Alexandra and Courtney Hast­ings have put their hearts—and soft shoes—on the line many times after more than a decade of Irish dance training. Thanks to their hard work, they can now call them­selves world champs.

The sis­ters, along their team of six other stu­dents from the Harney Academy, took home first-​​place honors at the 43rd World Irish Dancing Cham­pi­onships in March. Thou­sands of com­peti­tors from around the world gather every year for the cham­pi­onships, an eight-​​day-​​long com­pe­ti­tion that was held in Boston this year. Dancers need to place in the top of their regional and national com­pe­ti­tions before they get the oppor­tu­nity to face the World Cham­pi­onship judges.

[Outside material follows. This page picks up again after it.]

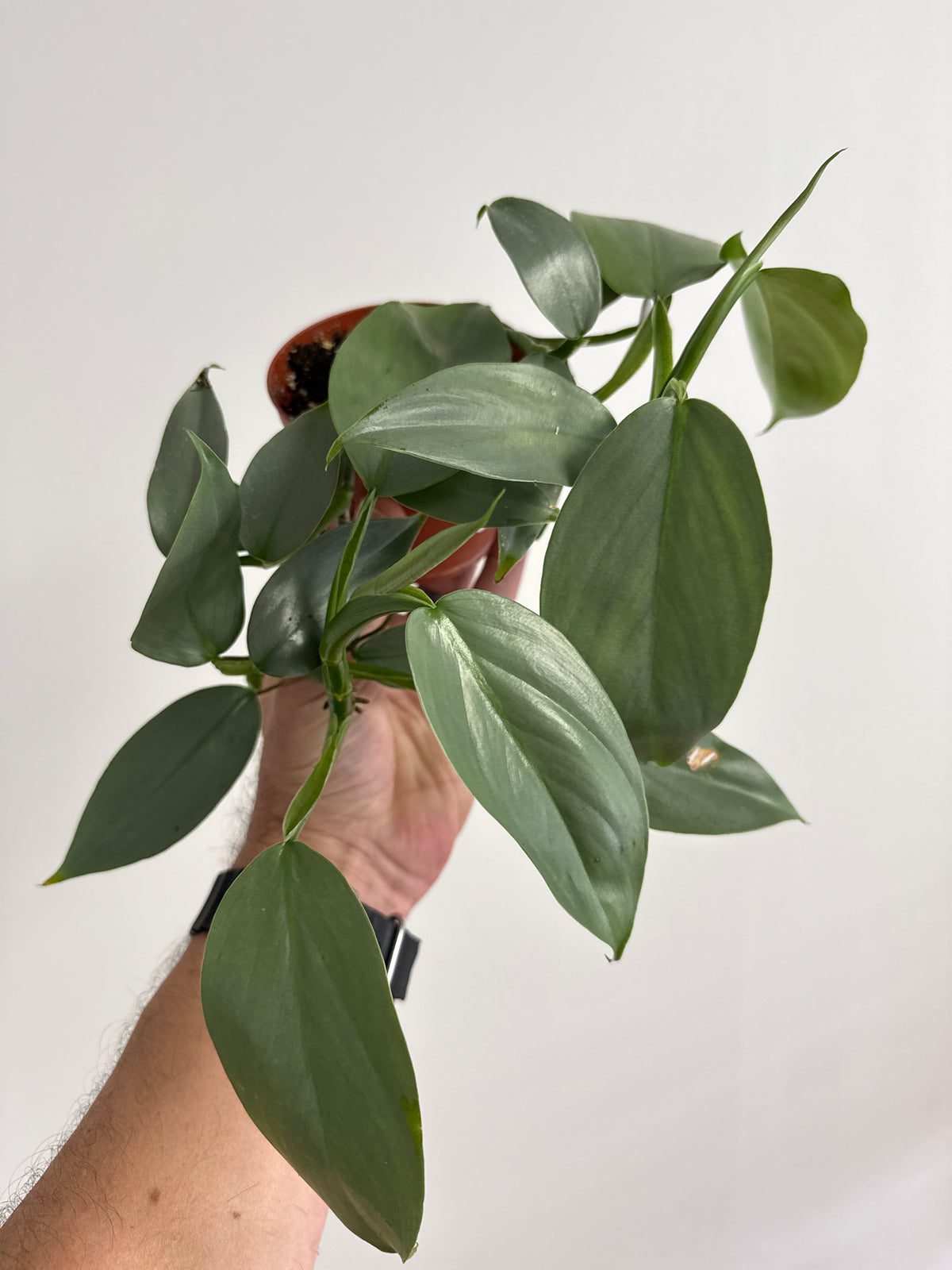 Silver Sword Philodendron - 4" Live Plant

Worlds is the top of the top,” said Courtney, a first-​​year busi­ness major with a con­cen­tra­tion in accounting. “Every Irish dancer in the world wants to win this competition.”

Despite this phys­i­cally inten­sive com­pe­ti­tion, the Hast­ings sis­ters aren’t packing away their shoes just yet. After the Boston Marathon bomb­ings, they joined forces with other local col­lege Irish dance groups to raise money for the Richard Family Fund, in memory of one of the vic­tims, 8-​​year-​​old Martin Richard. The show will be held at Han­cock Hall at the Back Bay Events Center this Sat­urday, April 27 at 7 p.m.

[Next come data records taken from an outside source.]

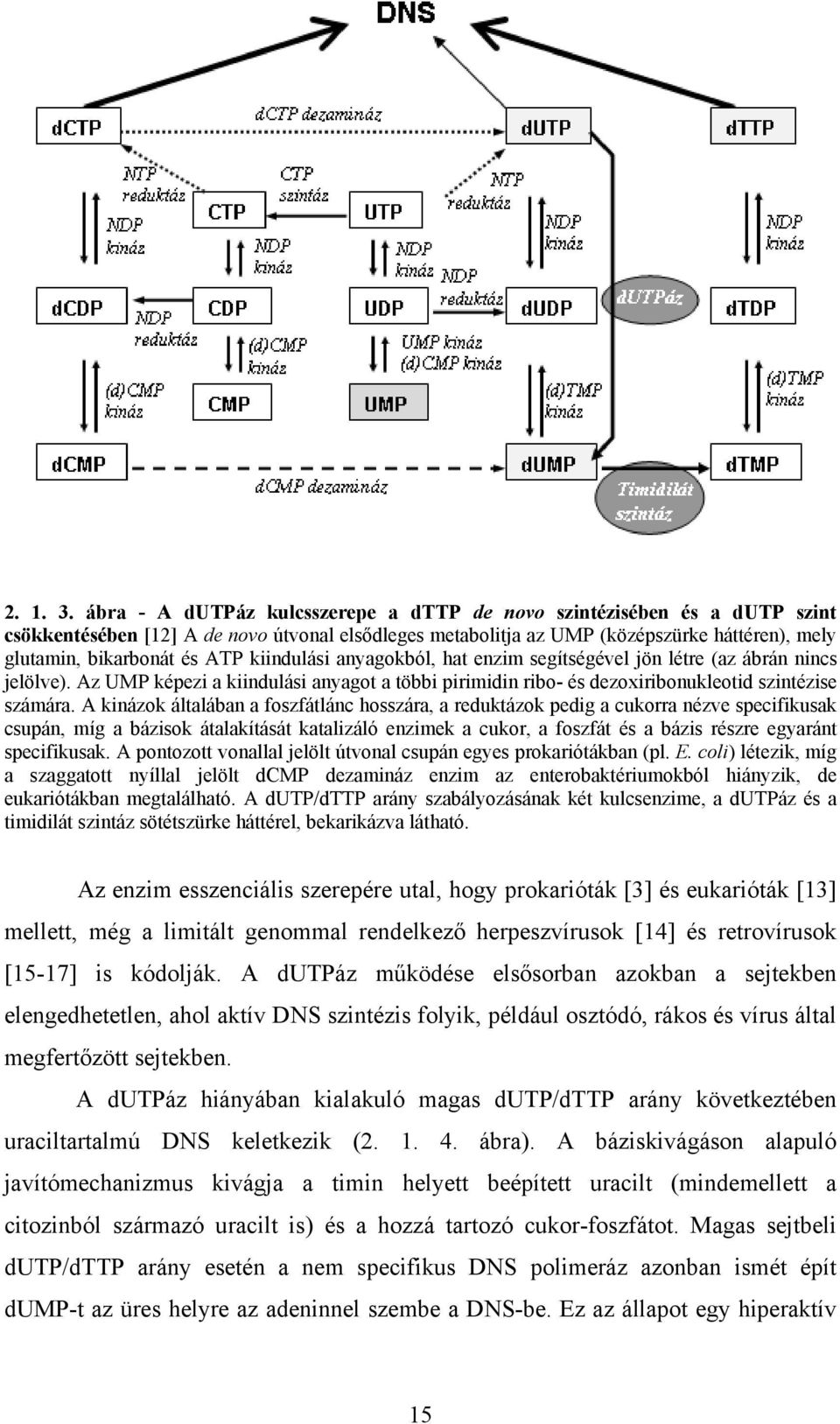 kiindulási anyagokból, hat enzim segítségével jön létre (az ábrán nincs jelölve). Az UMP képezi a kiindulási anyagot a többi pirimidin ribo- és dezoxiribonukleotid szintézise számára.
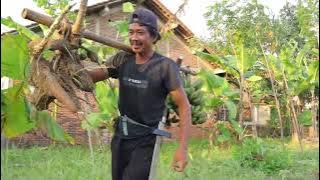 The current state of the garden - pulling out cassava and cutting down bananas with the help of m...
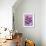 Blueberry Pops-Clive Streeter-Framed Photographic Print displayed on a wall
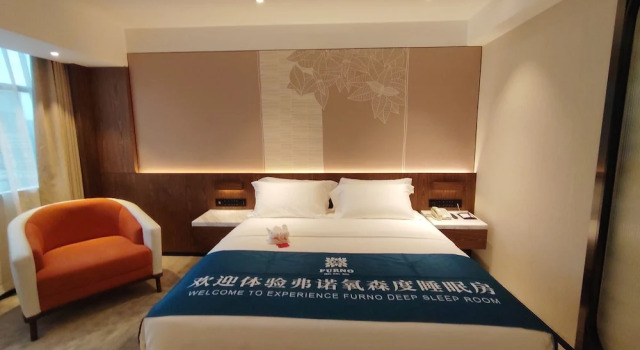 Двухместный номер Standard Guangzhou Sanyu Hotel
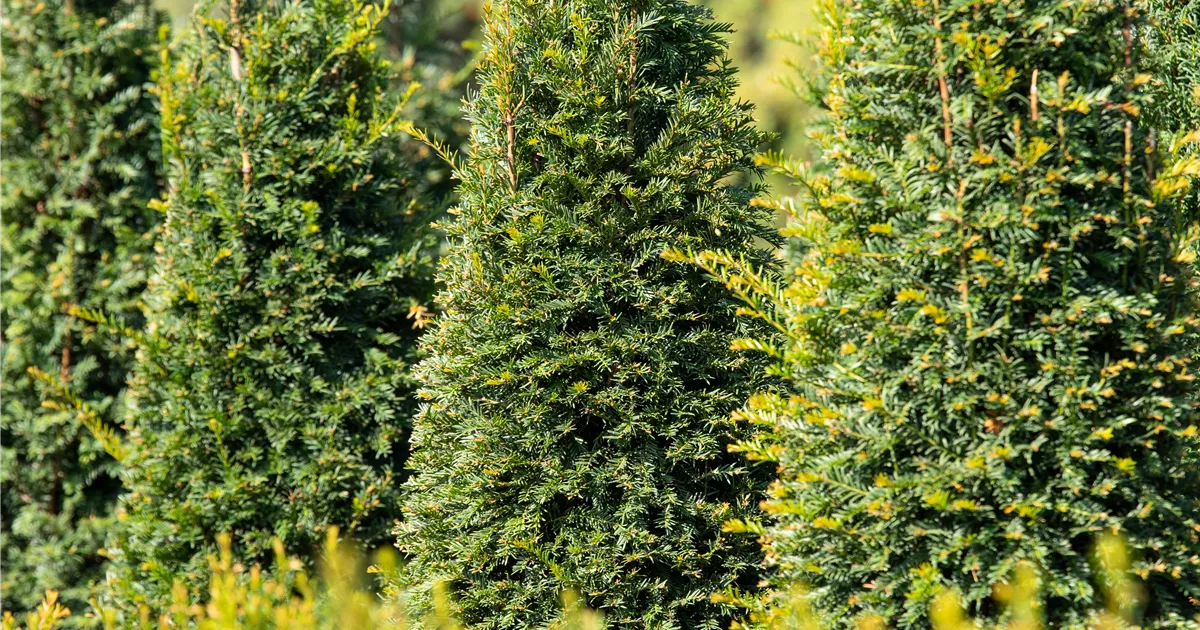 Taxus baccata, Kegel, Eiben-Kegel - Gaertnerei Boock
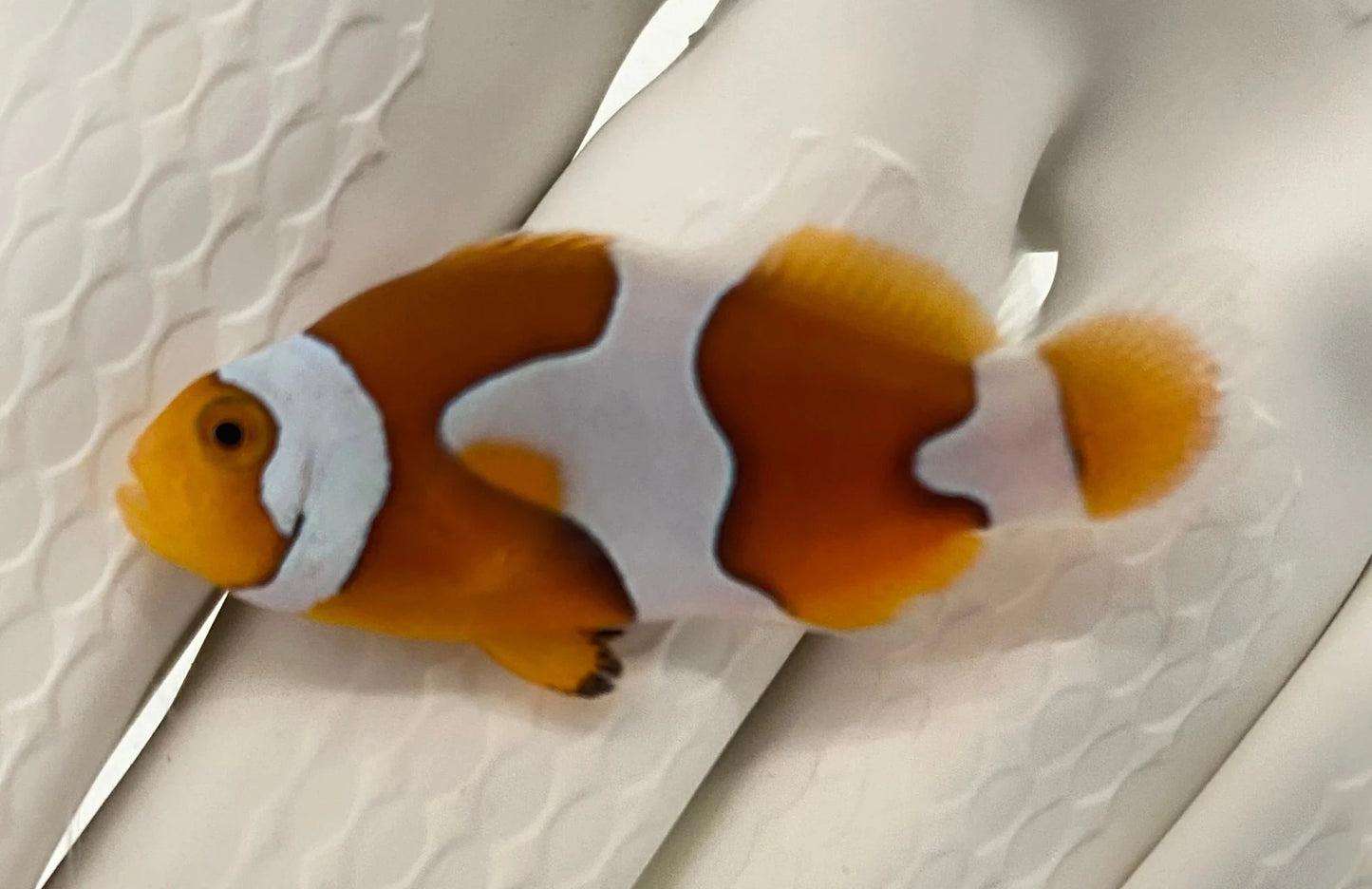 Clownfish - Picasso (Amphiprion percula) PAIR *Captive Bred*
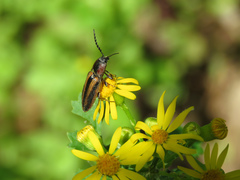 Tesolasomus trivittatus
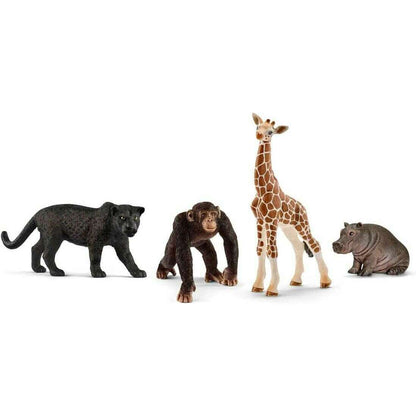 Toys N Tuck:Schleich 72162 Wild Life Starter Set,Schleich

The Hast­ings come from a long line of North­eastern alumni; nine of their rel­a­tives proudly call North­eastern their alma mater. Alexandra and Courtney have paved their own way, becoming stand­outs in the North­eastern Uni­ver­sity Dance Company’s Irish dance group.

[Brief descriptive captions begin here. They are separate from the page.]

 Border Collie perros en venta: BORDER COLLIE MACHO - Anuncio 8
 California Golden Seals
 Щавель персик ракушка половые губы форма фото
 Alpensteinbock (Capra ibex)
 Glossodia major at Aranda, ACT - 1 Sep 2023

As the oldest of the Hast­ings sis­ters, Alexandra was first to bring up the idea of Irish dancing to their mother. “I went to see River­dance when I was 5 years old and wanted to do it myself,” said the third-​​year nursing major. “At first my mom was against it, but even­tu­ally she gave in and put me in an Irish dance class. I’ve been dancing ever since.”

Courtney was quick to follow suit. After watching her sister prac­tice day after day, she started Irish dance at the age of 4. “Our dance school quickly became a family,” Courtney said. “Our coaches taught us every­thing in life, from how to give a hand­shake to class­room etiquette.”

Over the course of their dancing careers, both girls have com­peted in more than two dozen national and regional con­tests, including trav­eling to Ire­land, which is a pop­ular venue for inter­na­tional competition.

In high school, there were a few months where I was in Ire­land for 18 to 20 days,” Alexandra said. “It was a lot of time but it was all worth it.”

In addi­tion to their coaches, the Hast­ings sis­ters praised their grand­par­ents for being instru­mental to their dancing suc­cess. Their grand­par­ents helped finance their classes and com­pe­ti­tions, drove them back and forth to prac­tices, and even built a dance studio in the Hast­ings’ base­ment with floor-​​to-​​ceiling mir­rors so that Alexandra and Courtney could prac­tice at home.

At com­pe­ti­tions, the sis­ters could always count on seeing their grand­par­ents’ sup­portive faces in the crowd. Unfor­tu­nately, their grand­mother passed away before they won the World Championships.

It was our nana’s dream to see us win Worlds,” they said. “We did this for her.”